Line is coolly controlled here and often appears as a straight element or part of an open structure – a windmill like front to the slotted forms, for example, and I wondered how much more could be done with linear elements in relation to the contoured planes or volumes; space could really be opened up in more unforeseen ways.

A Lewis sculpture has a very specific and individual sense of gravity. Steel is often made pliable, soft and bendy, yet maintains its rigidity and its tensile strength. Expression is arrived at through the way the material is used. There is often a pervasive “pear shaped” weighting that is almost

leviathan-like in its sense of scale. There are several of these works in this show, but Lewis is one of the most eclectic sculptors working today and cannot be pinned down to any one approach – he is equally adept at dealing with mass, line, plane and perhaps most tellingly (and understatedly) colour. Lewis is skilled in using colour as an integral rather than a decorative element. In his more recent steel works he prefers to spray or hand paint with a range of matte greyed colour, but when it is chromatically high key he achieves one of the most successful works in the show Attractor – with its pod organic growths thrusting up and turning periscope-like – all garish and scrubby orange – the form of it made in curved pieces which have a patchwork togetherness. This work feels grown rather than made – it looks as if it would be most at home outdoors where it could jostle and poke fun at the comparatively shy-looking plants of our temperate climate.

The ink and charcoal drawings and a handful of prints on show here are unashamedly figurative and play an almost sneaky “partner in crime” role. At first glance they are Thurber-esque with a casual insouciance but this is not the state of affairs at all when you really look at them and consider them against the sculptures they encircle.

The line in several works is definite and strident, their wittiness is often abrasive and even slightly chilling. There is a large unsettling drawing of a “character” in close up where each feature element is a clean formal statement. I reflected here about sideways glances to the Japanese “ōkao-e” large face prints – a subtle link perhaps to the deftness that is prevalent in some of the most recent sculptures.

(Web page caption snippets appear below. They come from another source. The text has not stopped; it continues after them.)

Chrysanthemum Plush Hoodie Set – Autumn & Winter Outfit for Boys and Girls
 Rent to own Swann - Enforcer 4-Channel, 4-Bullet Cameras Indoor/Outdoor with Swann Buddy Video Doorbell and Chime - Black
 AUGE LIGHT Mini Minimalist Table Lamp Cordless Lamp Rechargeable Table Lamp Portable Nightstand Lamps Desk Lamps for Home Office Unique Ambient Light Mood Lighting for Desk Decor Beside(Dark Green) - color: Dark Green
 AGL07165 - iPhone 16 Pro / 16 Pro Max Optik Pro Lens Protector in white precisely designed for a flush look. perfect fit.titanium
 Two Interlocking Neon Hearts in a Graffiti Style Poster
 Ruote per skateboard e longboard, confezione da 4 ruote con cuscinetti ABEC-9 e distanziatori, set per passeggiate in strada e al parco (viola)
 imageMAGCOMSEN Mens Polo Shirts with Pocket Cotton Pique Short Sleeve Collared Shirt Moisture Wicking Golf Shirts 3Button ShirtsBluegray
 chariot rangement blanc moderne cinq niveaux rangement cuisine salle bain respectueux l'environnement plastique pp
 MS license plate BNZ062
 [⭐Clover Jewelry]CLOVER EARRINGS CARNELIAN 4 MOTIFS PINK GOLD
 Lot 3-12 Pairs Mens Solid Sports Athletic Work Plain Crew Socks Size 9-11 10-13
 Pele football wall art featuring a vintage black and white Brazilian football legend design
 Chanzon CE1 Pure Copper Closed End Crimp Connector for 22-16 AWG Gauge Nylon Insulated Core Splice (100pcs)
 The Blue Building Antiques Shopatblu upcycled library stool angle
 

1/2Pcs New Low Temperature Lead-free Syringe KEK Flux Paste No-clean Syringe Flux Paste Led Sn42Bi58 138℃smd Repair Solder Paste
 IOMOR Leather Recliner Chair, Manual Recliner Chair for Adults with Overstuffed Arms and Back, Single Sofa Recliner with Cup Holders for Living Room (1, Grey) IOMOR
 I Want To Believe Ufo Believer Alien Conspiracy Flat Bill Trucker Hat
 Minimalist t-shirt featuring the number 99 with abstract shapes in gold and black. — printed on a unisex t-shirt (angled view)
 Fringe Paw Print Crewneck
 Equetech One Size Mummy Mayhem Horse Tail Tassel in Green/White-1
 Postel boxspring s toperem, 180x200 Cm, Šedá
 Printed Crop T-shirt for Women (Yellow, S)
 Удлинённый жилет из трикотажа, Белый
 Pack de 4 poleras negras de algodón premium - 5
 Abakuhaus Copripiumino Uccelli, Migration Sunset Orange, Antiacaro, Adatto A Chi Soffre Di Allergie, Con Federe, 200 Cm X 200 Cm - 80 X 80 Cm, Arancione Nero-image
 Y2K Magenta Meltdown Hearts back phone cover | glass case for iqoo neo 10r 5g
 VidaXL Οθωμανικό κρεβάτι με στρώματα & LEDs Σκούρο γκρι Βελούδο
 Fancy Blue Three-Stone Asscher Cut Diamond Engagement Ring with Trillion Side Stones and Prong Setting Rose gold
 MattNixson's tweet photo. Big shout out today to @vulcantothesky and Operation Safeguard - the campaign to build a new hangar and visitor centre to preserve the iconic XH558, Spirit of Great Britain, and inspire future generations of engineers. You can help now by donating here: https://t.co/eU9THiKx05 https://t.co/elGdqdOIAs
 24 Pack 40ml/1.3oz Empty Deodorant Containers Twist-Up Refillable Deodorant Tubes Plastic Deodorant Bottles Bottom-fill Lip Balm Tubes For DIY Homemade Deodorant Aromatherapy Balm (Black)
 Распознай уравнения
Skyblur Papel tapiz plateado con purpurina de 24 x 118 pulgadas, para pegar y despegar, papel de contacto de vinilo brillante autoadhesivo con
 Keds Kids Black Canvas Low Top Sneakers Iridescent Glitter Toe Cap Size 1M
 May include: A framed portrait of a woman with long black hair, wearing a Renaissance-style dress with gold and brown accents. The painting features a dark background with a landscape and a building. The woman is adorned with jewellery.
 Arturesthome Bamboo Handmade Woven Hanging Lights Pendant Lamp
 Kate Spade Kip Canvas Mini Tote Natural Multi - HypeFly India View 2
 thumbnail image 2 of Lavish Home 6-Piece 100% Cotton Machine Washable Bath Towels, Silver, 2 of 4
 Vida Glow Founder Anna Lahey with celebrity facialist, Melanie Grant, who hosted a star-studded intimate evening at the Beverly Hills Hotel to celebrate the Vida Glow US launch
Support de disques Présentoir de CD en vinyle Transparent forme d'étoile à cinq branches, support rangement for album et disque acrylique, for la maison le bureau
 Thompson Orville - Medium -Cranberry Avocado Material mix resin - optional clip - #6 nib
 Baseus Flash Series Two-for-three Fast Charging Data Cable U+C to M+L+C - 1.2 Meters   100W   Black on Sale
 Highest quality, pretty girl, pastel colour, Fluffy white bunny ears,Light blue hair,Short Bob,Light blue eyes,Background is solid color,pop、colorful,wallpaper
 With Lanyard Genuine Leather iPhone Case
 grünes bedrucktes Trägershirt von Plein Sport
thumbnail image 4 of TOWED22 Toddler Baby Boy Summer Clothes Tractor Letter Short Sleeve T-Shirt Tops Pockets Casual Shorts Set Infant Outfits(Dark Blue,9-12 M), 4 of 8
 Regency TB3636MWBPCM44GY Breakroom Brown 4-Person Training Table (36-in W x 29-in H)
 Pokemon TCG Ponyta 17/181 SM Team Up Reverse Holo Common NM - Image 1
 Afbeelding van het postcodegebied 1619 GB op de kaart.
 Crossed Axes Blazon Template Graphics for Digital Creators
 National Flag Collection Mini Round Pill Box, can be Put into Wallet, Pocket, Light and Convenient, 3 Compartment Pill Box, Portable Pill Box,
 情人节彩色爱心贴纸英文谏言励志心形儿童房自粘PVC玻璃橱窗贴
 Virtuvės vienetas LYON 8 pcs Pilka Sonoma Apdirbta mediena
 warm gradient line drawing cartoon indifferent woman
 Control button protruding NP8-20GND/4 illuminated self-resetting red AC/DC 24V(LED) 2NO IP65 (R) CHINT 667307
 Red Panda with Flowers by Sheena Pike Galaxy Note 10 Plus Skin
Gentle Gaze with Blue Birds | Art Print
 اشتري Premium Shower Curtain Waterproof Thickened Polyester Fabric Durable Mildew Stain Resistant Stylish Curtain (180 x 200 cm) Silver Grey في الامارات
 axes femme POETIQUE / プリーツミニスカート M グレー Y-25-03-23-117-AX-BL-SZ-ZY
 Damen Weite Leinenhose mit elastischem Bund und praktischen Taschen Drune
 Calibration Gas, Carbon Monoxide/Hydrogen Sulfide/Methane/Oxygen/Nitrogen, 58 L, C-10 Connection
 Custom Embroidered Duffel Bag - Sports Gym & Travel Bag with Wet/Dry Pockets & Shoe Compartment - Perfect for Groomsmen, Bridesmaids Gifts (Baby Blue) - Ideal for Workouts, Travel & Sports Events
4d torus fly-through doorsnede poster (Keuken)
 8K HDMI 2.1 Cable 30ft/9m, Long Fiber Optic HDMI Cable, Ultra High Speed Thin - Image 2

These drawings position themselves as works of fact and caper independently alongside the sculptures rather than pandering to them as supporting studies often do. They raise a telling and intriguing question about the purpose and function of drawing for a sculptor. Look at a Moore drawing for example with its ‘obvious’ description of forms, stone-like in their three-dimensional illusion – suggesting sculptures yet to be made. Lewis employs an antithetical, sophisticated yet almost bloody-minded approach by comparison, similar in characteristic to some of the qualities he has as a sculptor: direct, subversive and with a lightness of touch. His drawings go off on their own merry tangents with a purposeful impetus, many of them taking us into worlds of impossible scenarios often peopled by odd cone-hatted characters. He will deliberately provide comedic titles, such as Police Dog Stand-Off. The depictions are unnervingly satisfying. I am reminded of the quotation “God was a comedian playing to an audience who was too afraid to laugh.” These drawings may be dreamlike in their poetic musings on the human condition, but they are forthright in their visuality and couldn’t really be translated to another medium. Buster Keaton had a wonderful pathos less contrived than Chaplin’s – when regarding the qualities of these drawings, this is the closest ‘translation’ that I can suggest.

The show runs till the end of November. I recommend it enthusiastically, and to those people not as familiar with the range of Lewis’s work, it will give a real insight into the achievements of this significant sculptor.